## Task prompt
Copy the data that follows exactly. Include no pictures.

Collected data entries
▬▬▬

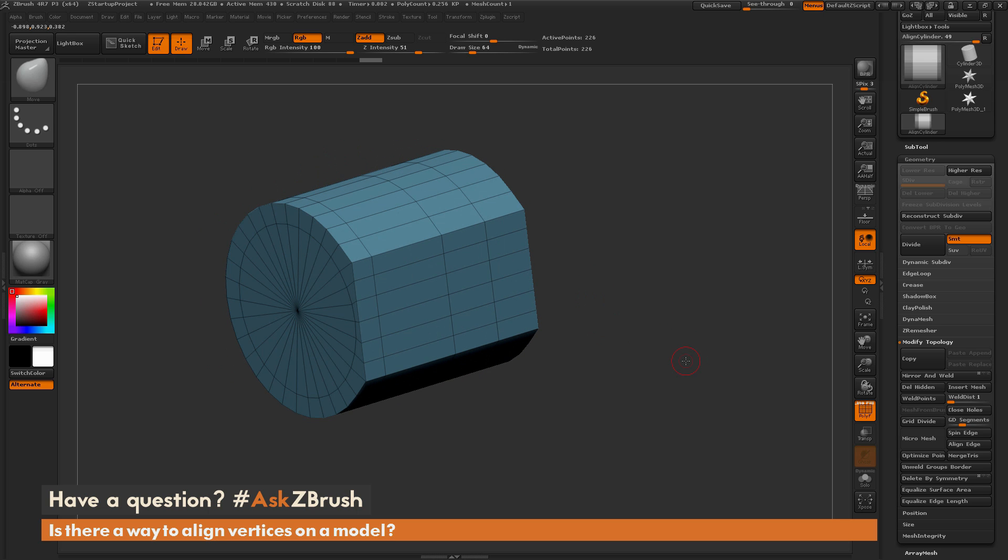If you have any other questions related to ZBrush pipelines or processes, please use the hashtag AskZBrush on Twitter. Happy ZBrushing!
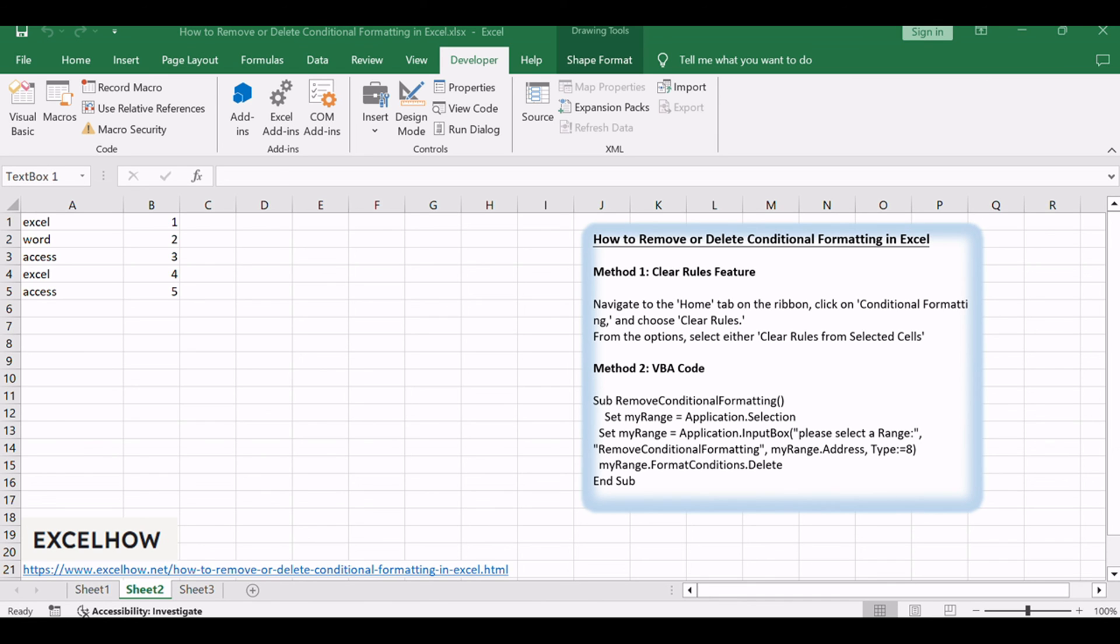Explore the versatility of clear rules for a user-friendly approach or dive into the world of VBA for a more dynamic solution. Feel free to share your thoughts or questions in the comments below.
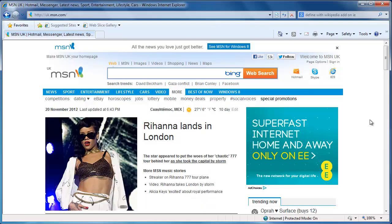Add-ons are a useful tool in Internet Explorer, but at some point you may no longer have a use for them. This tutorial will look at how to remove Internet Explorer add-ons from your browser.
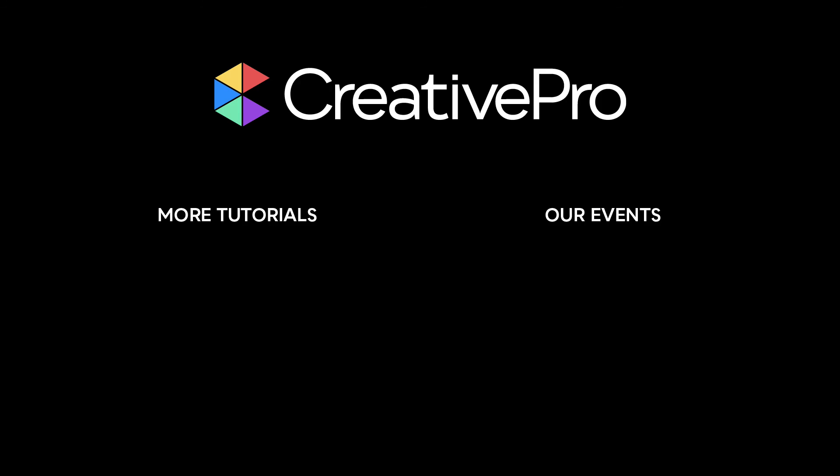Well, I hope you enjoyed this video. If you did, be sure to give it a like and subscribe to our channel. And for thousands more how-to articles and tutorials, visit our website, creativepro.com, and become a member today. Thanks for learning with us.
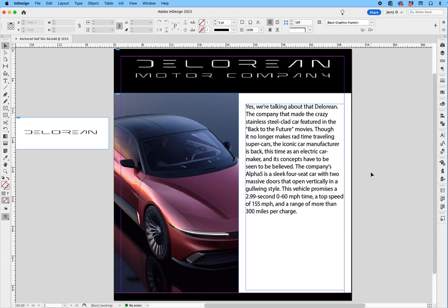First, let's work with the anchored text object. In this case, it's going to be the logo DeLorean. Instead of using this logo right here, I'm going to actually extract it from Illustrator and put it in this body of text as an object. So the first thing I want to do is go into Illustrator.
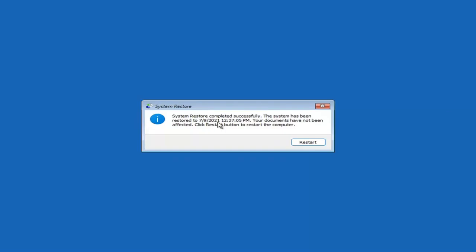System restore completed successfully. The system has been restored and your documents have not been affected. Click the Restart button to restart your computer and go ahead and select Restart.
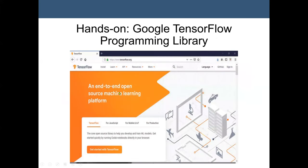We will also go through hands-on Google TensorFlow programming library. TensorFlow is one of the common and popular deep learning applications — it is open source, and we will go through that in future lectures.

▬▬▬

## Written answer
If you have any other questions related to ZBrush pipelines or processes, please use the hashtag AskZBrush on Twitter. Happy ZBrushing!
Explore the versatility of clear rules for a user-friendly approach or dive into the world of VBA for a more dynamic solution. Feel free to share your thoughts or questions in the comments below.
Add-ons are a useful tool in Internet Explorer, but at some point you may no longer have a use for them. This tutorial will look at how to remove Internet Explorer add-ons from your browser.
Well, I hope you enjoyed this video. If you did, be sure to give it a like and subscribe to our channel. And for thousands more how-to articles and tutorials, visit our website, creativepro.com, and become a member today. Thanks for learning with us.
First, let's work with the anchored text object. In this case, it's going to be the logo DeLorean. Instead of using this logo right here, I'm going to actually extract it from Illustrator and put it in this body of text as an object. So the first thing I want to do is go into Illustrator.
System restore completed successfully. The system has been restored and your documents have not been affected. Click the Restart button to restart your computer and go ahead and select Restart.
We will also go through hands-on Google TensorFlow programming library. TensorFlow is one of the common and popular deep learning applications — it is open source, and we will go through that in future lectures.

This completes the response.